PROBLEM DESCRIPTION> Under this line sits a listing. Repeat exactly and only its lines from the one holding "Produktbild: VEVOR Dickenhobelmaschine" through the one holding "Evelatus Samsung Galaxy"; skip pictures.

PROVIDED INFORMATION>
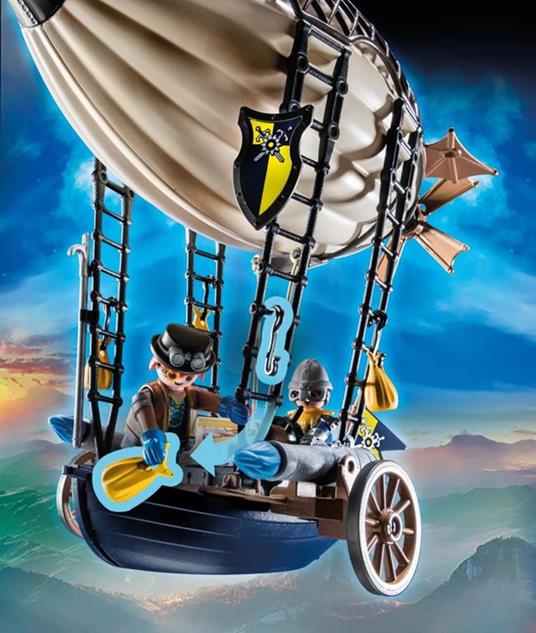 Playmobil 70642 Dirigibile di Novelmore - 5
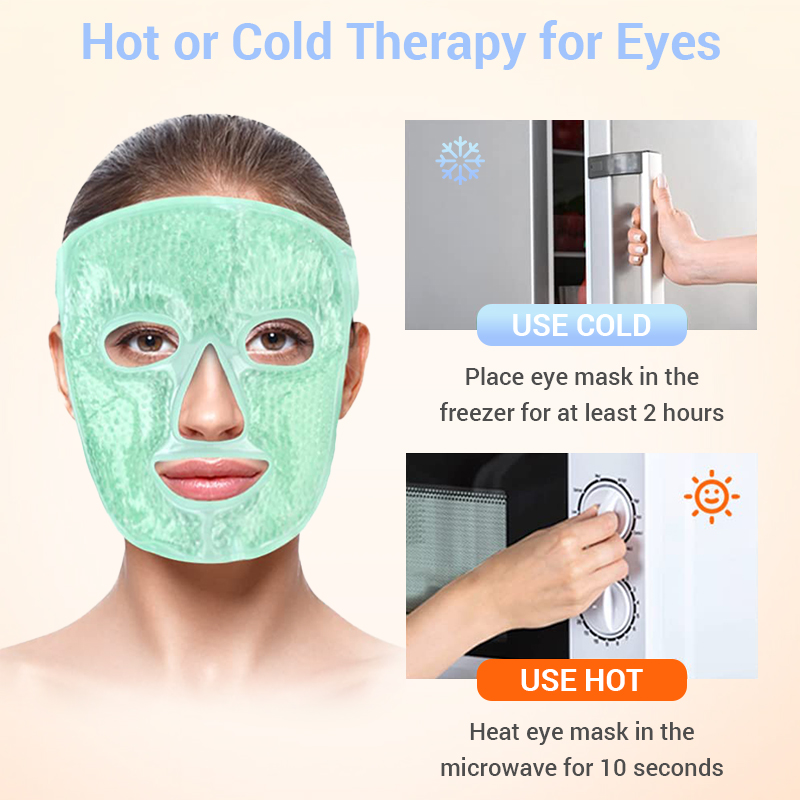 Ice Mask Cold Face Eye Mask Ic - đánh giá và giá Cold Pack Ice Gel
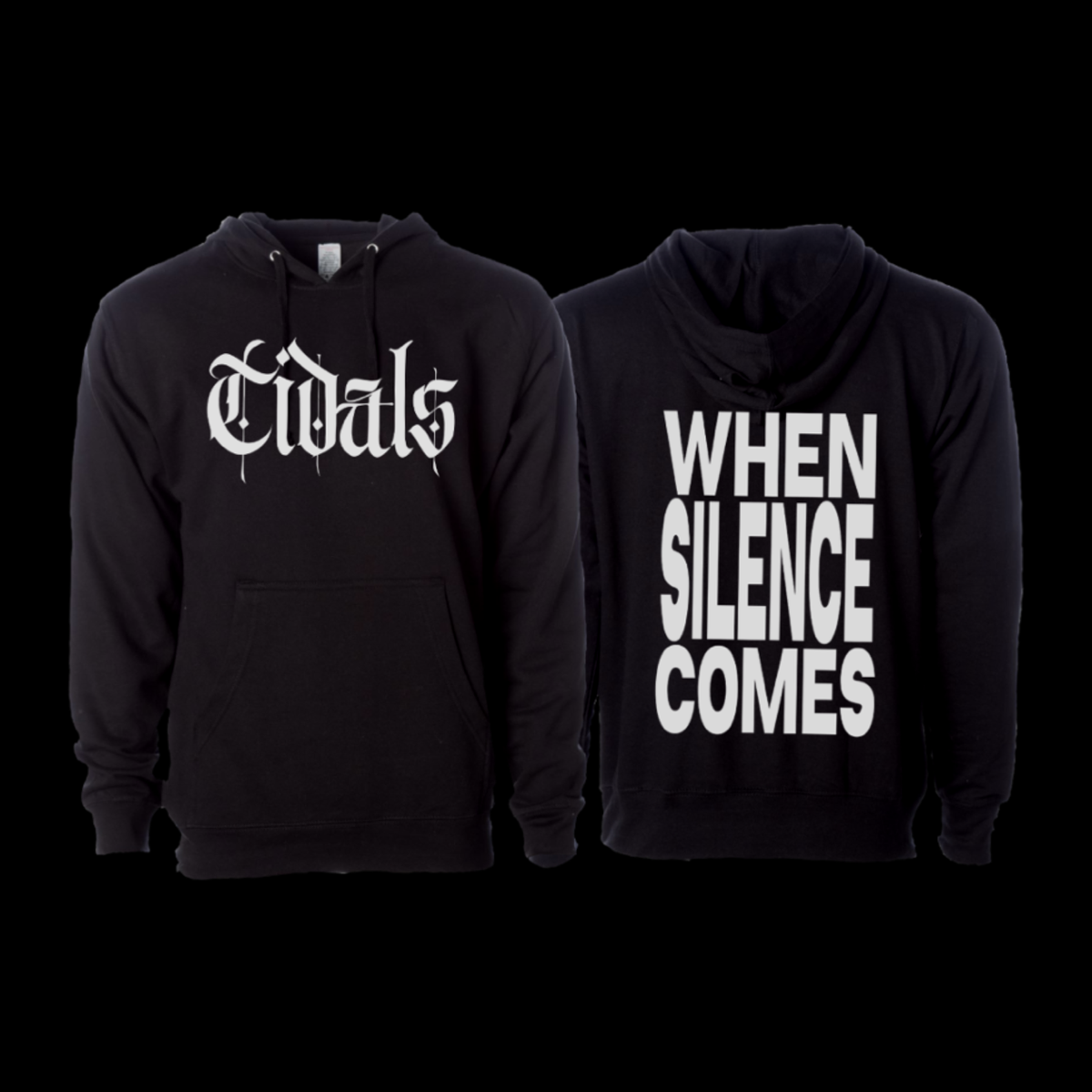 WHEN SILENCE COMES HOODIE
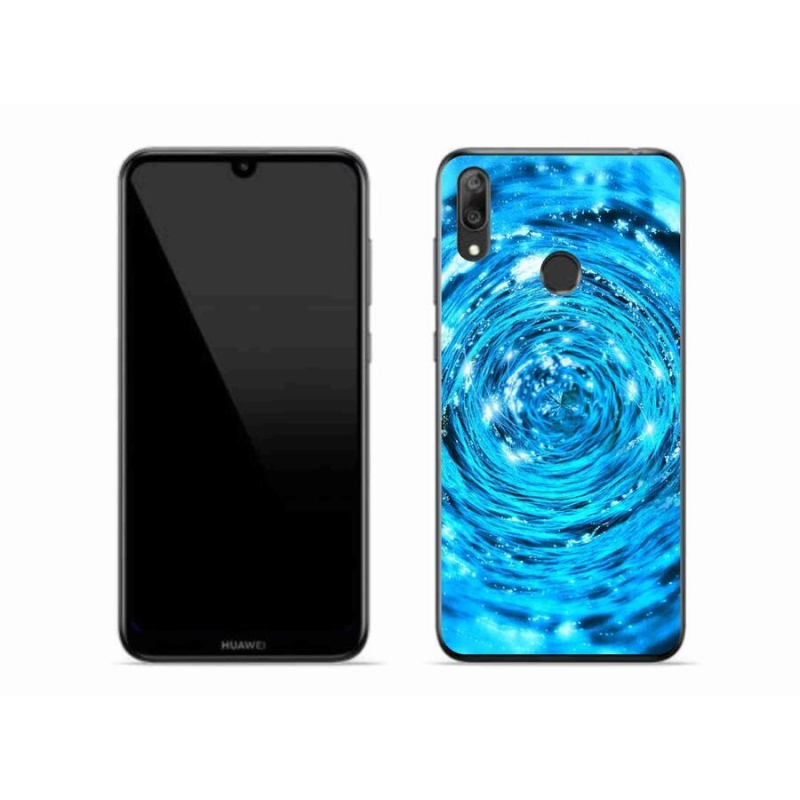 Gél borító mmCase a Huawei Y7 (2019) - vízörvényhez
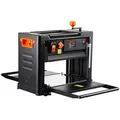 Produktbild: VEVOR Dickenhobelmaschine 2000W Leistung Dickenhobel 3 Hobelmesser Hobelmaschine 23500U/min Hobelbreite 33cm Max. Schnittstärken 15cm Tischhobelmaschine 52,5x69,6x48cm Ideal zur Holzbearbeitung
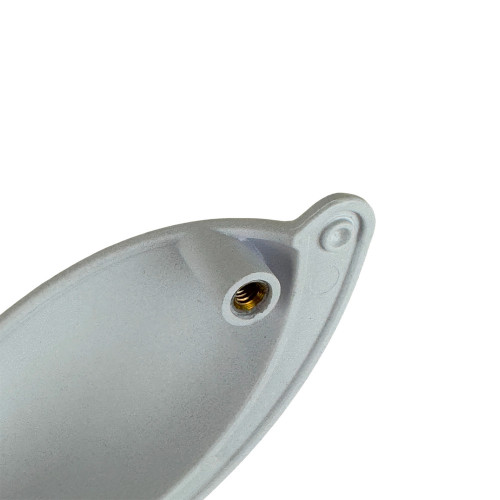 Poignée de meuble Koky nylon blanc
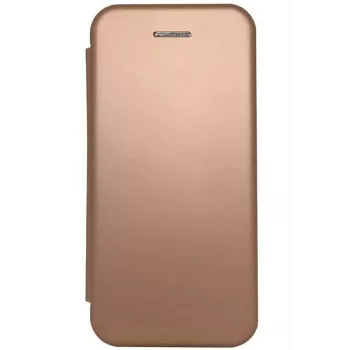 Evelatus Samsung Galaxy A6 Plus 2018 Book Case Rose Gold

==

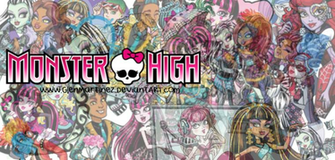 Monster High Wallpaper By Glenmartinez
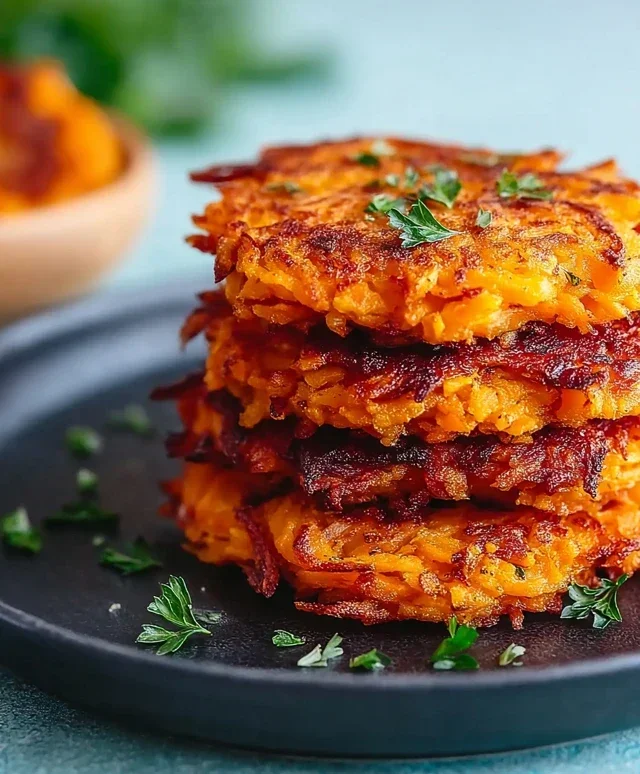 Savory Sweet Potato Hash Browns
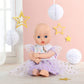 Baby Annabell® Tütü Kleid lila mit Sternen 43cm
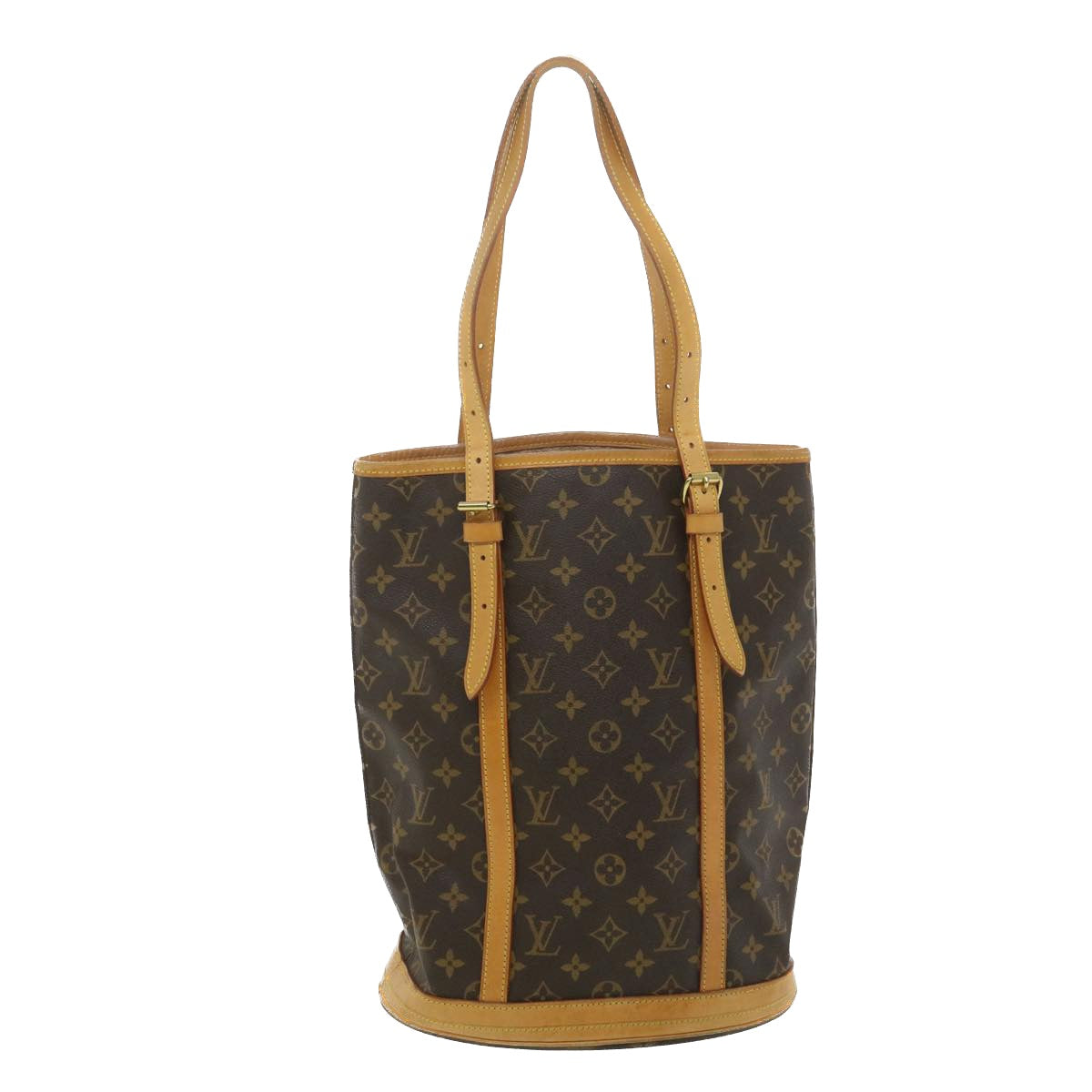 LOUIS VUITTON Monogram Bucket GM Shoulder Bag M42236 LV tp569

---

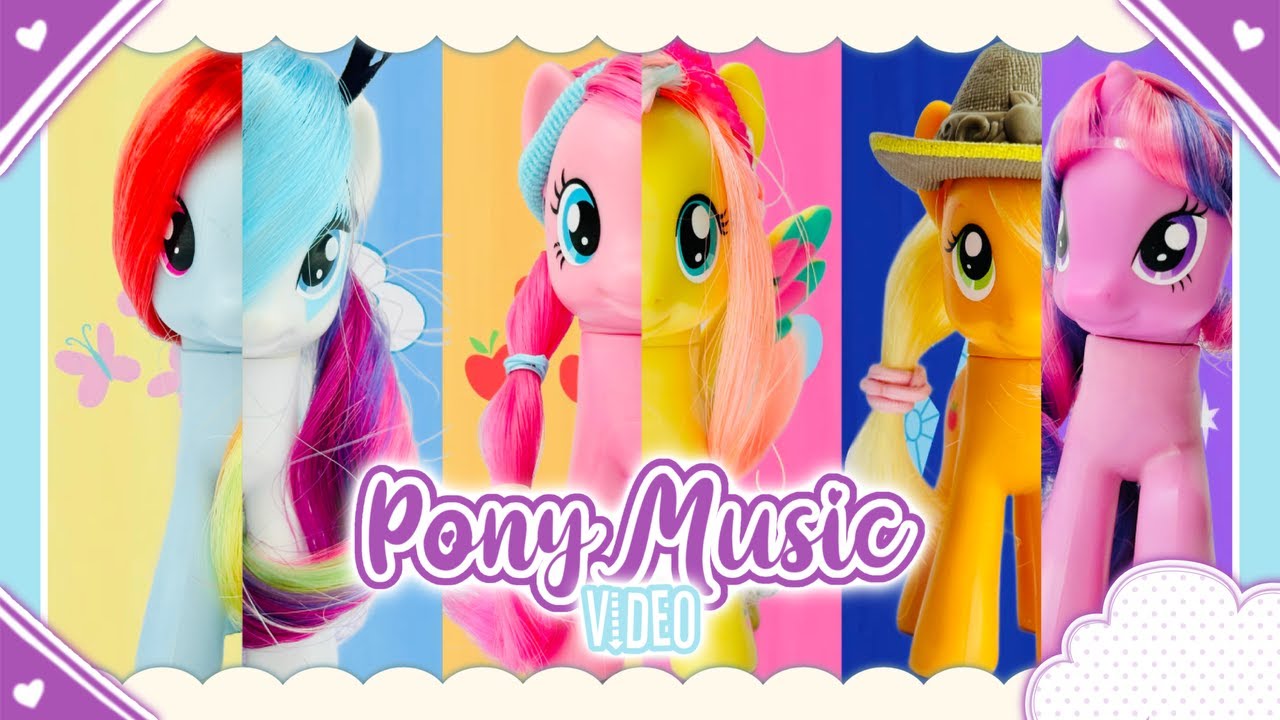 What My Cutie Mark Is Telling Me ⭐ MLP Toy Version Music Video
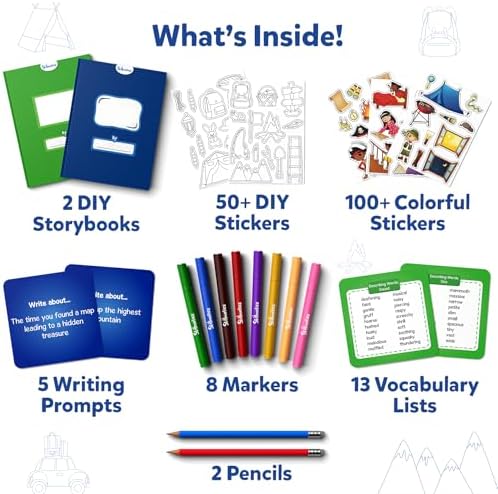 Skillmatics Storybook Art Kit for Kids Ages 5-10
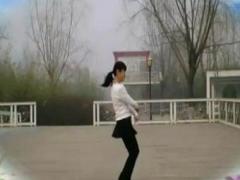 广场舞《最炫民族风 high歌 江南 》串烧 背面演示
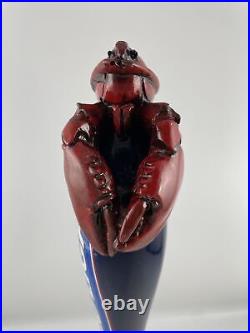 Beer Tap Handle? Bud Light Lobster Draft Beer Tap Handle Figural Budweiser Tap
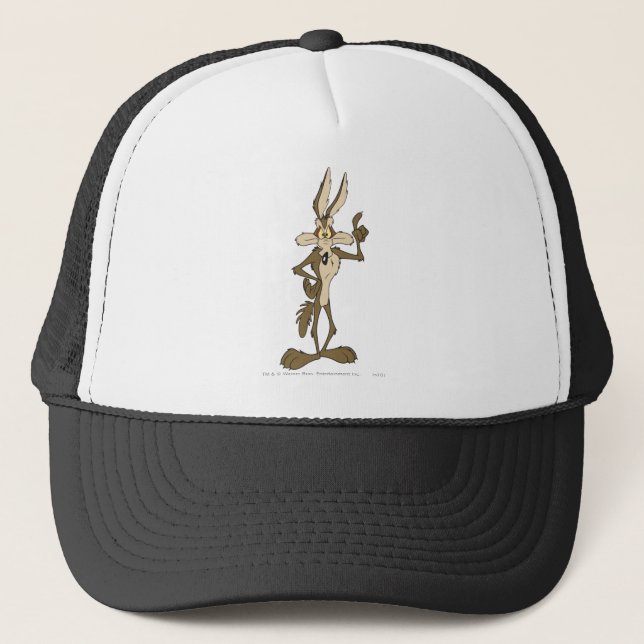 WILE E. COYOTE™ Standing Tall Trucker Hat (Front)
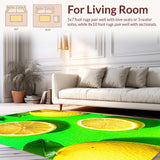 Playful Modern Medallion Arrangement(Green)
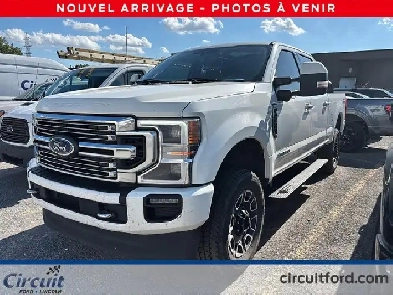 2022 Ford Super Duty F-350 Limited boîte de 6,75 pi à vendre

EXPECTED OUTPUT>
 Produktbild: VEVOR Dickenhobelmaschine 2000W Leistung Dickenhobel 3 Hobelmesser Hobelmaschine 23500U/min Hobelbreite 33cm Max. Schnittstärken 15cm Tischhobelmaschine 52,5x69,6x48cm Ideal zur Holzbearbeitung
 Poignée de meuble Koky nylon blanc
 Evelatus Samsung Galaxy A6 Plus 2018 Book Case Rose Gold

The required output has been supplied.